I answer that Nothing comes under any power, habit or act, except by means of the formal aspect of the object: thus color cannot be seen except by means of light, and a conclusion cannot be known save through the mean of demonstration. Now it has been stated 3 that the formal aspect of the object of faith is the First Truth; so that nothing can come under faith, save in so far as it stands under the First Truth, under which nothing false can stand, as neither can non-being stand under being, nor evil under goodness. It follows therefore that nothing false can come under faith.
Reply to Objection 1 Since the true is the good of the intellect, but not of the appetitive power, it follows that all virtues which perfect the intellect, exclude the false altogether, because it belongs to the nature of a virtue to bear relation to the good alone.

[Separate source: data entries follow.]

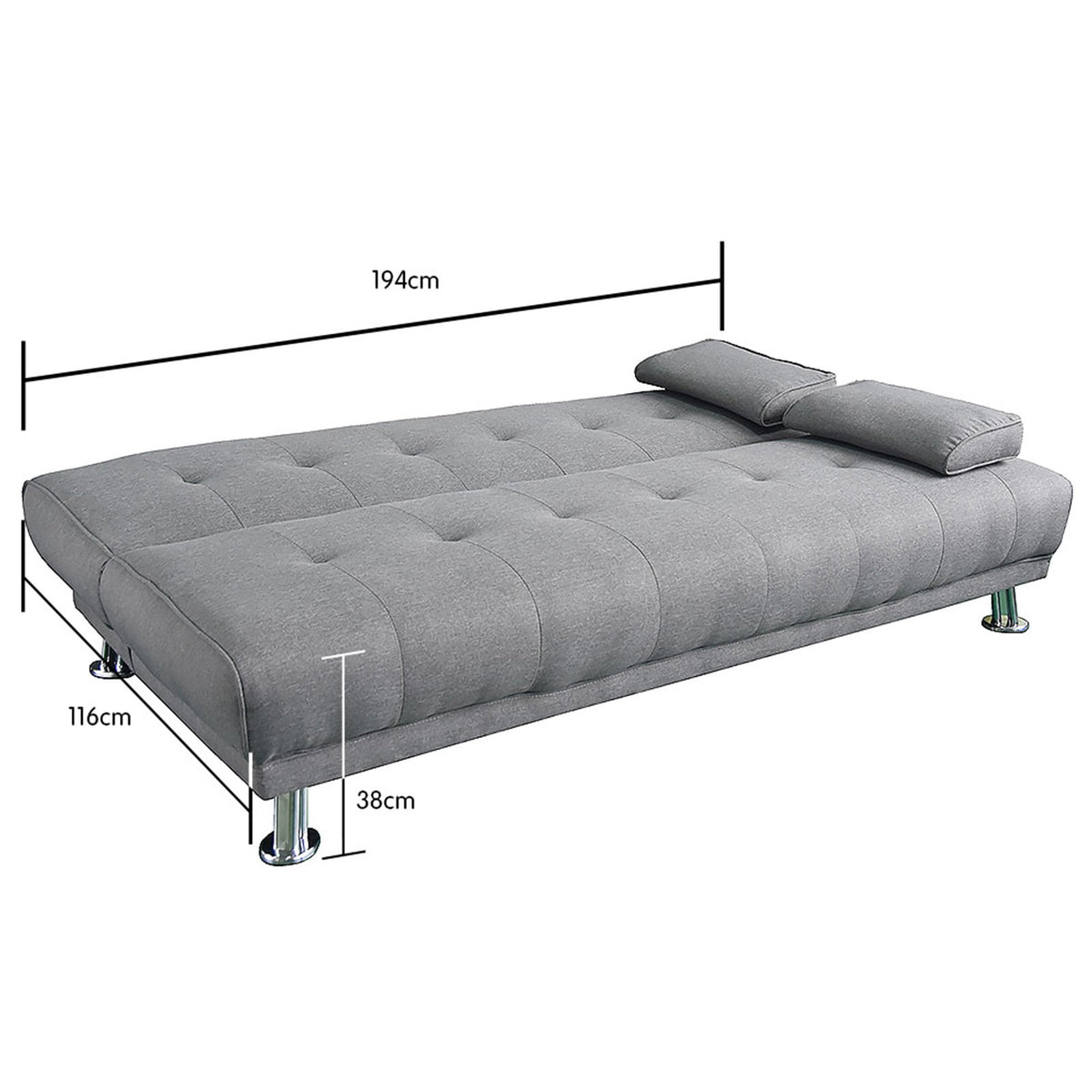 Sarantino Manhattan Sofa Bed - Light Grey Linen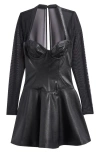 Mistress Rocks Faux Leather & Mesh Corset Minidress In Dark Plum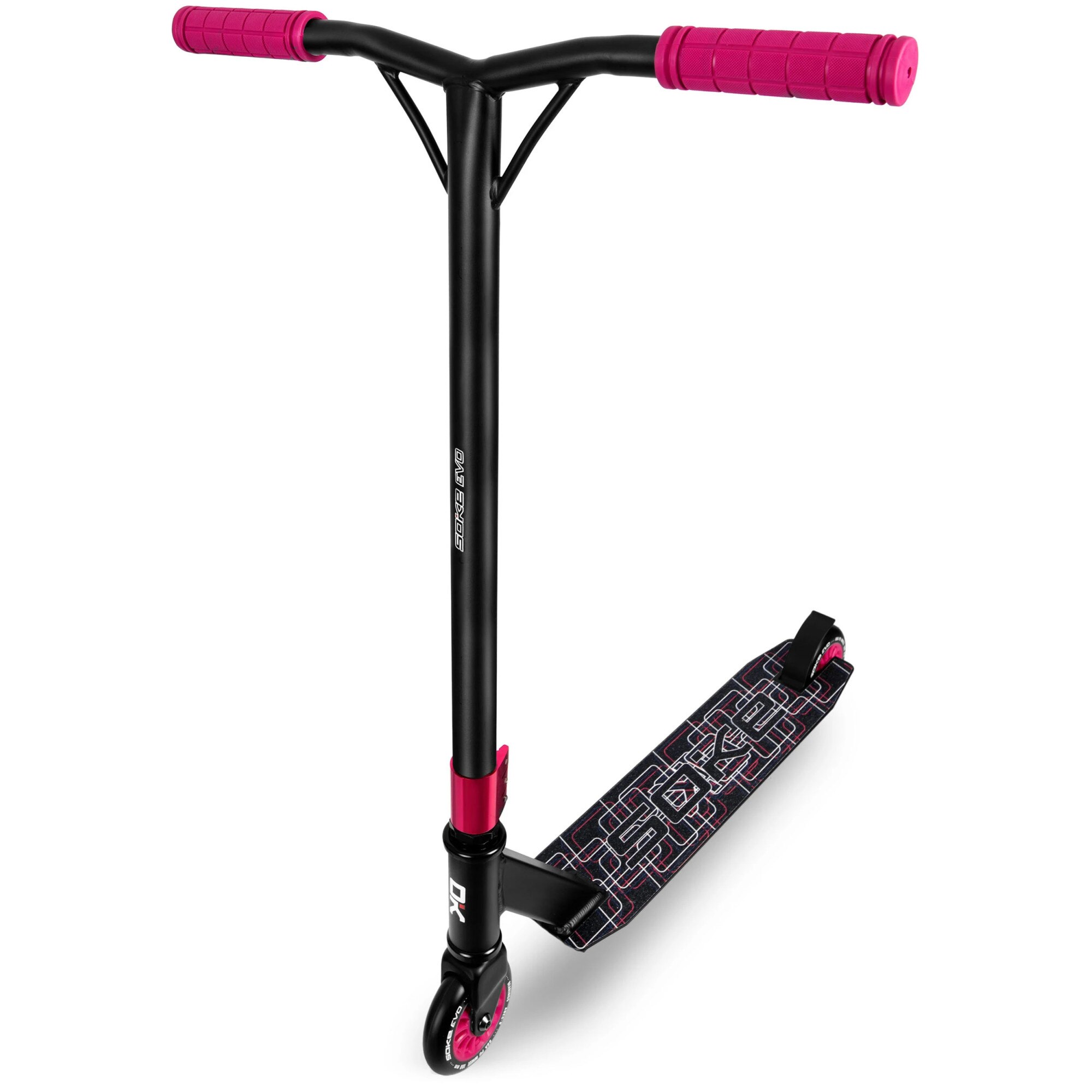 Trotineta Soke EVO, cadru si ghidon cu structura rezistenta, roz/negru, roti de 100mm, rulment ABEC 9, 83 x 66 cm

On the other hand those virtues which perfect the appetitive faculty, do not entirely exclude the false, for it is possible to act in accordance with justice or temperance, while having a false opinion about what one is doing. Therefore, as faith perfects the intellect, whereas hope and charity perfect the appetitive part, the comparison between them fails. Nevertheless neither can anything false come under hope, for a man hopes to obtain eternal life, not by his own power 4, but with the help of grace; and if he perseveres therein he will obtain eternal life surely and infallibly. In like manner it belongs to charity to love God, wherever He may be; so that it matters not to charity, whether God be in the individual whom we love for God's sake.
Reply to Objection 2 That "God would not take flesh," considered in itself was possible even after Abraham's time, but in so far as it stands in God's foreknowledge, it has a certain necessity of infallibility, as explained in the FP, Q, AA,15: and it is thus that it comes under faith. Hence in so far as it comes under faith, it cannot be false.
Reply to Objection 3 After Christ's birth, to believe in Him, was to believe in Christ's birth at some time or other. The fixing of the time, wherein some were deceived was not due to their faith, but to a human conjecture. For it is possible for a believer to have a false opinion through a human conjecture, but it is quite impossible for a false opinion to be the outcome of faith.
Reply to Objection 4 The faith of the believer is not directed to such and such accidents of bread, but to the fact that the true body of Christ is under the appearances of sensible bread, when it is rightly consecrated. Hence if it be not rightly consecrated, it does not follow that anything false comes under faith.